J'ai commencé en travaillant sur les storyboard de réalisateurs tels que Michael Bay et Gore Verbinski. "Plus, toujours plus" était un peu l'idée générale, et on essayait de remplir le cadre avec plein de trucs cool. Puis j'ai commencé à réaliser des publicités et là encore elles étaient très élaborées visuellement, certaines d'entre elles sont visibles sur mon site. Mais à chaque fois, la pureté du travail avec les acteurs et un concept, ça m'a manqué. C'est le test ultime. Aujourd'hui, vous pouvez jeter plein d'argent dans un film pour le rendre visuellement stupéfiant.

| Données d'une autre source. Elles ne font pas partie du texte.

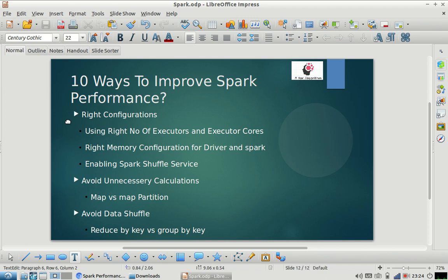Hi everyone, welcome to my channel. I hope you are enjoying the Spark questions and ML series and other questions on my channel. If you have any doubts, please put them in the comment section. If you want us to cover some new topics or if you have any questions that you have faced during interviews, please post it in the comment section — we'll be very happy to make a video on that topic.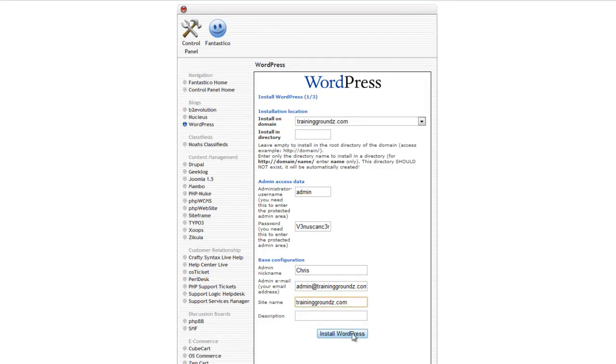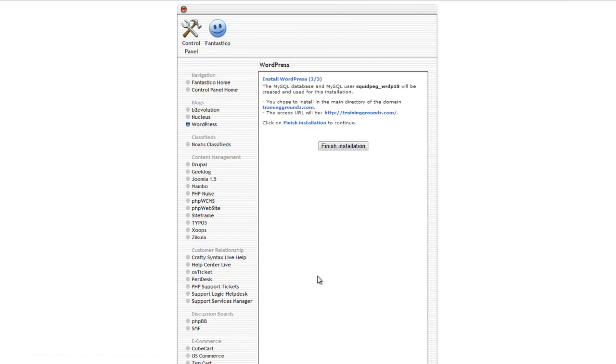Click Install WordPress, and click Finish Installation on the next screen.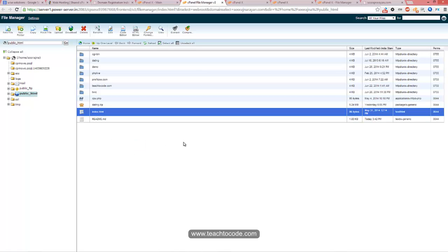This is the basic overview about uploading and managing files in cPanel. In future tutorials, we will see the advanced way. Watch my tutorials — thank you.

Mais c'était précisément à l'opposé de ce dont il était question pour Coherence.
Un autre élément surprenant de votre film est que vous n'avez pas peur des dialogues (qui sont parfois plus effrayants que le reste du film, à l'image de l'anecdote sur la Finlande). Les dialogues longs et sérieux sont finalement assez rares dans le fantastique, craigniez-vous à un quelconque moment de dérouter votre public ?
On en était tout à fait conscient. Le film ne peut pas être au goût de tout le monde, alors on a trouvé un compromis satisfaisant. On savait qu'il y avait un juste milieu. On a testé des prises avec moins de dialogues, avec la séquence du dîner dans une version raccourcie, et ça ne marchait pas aussi bien. Il n'y avait pas le bon rythme, ou pas assez de réalisme pour créer le ton qu'on recherchait. Finalement c'est super, car pour chaque personne qui dira "Il y avait un peu trop de conversation lors du dîner", il y en aura une autre qui pensera "J'aurais aimé que cette scène soit encore plus longue !".
Aviez-vous en tête des références pour Coherence ?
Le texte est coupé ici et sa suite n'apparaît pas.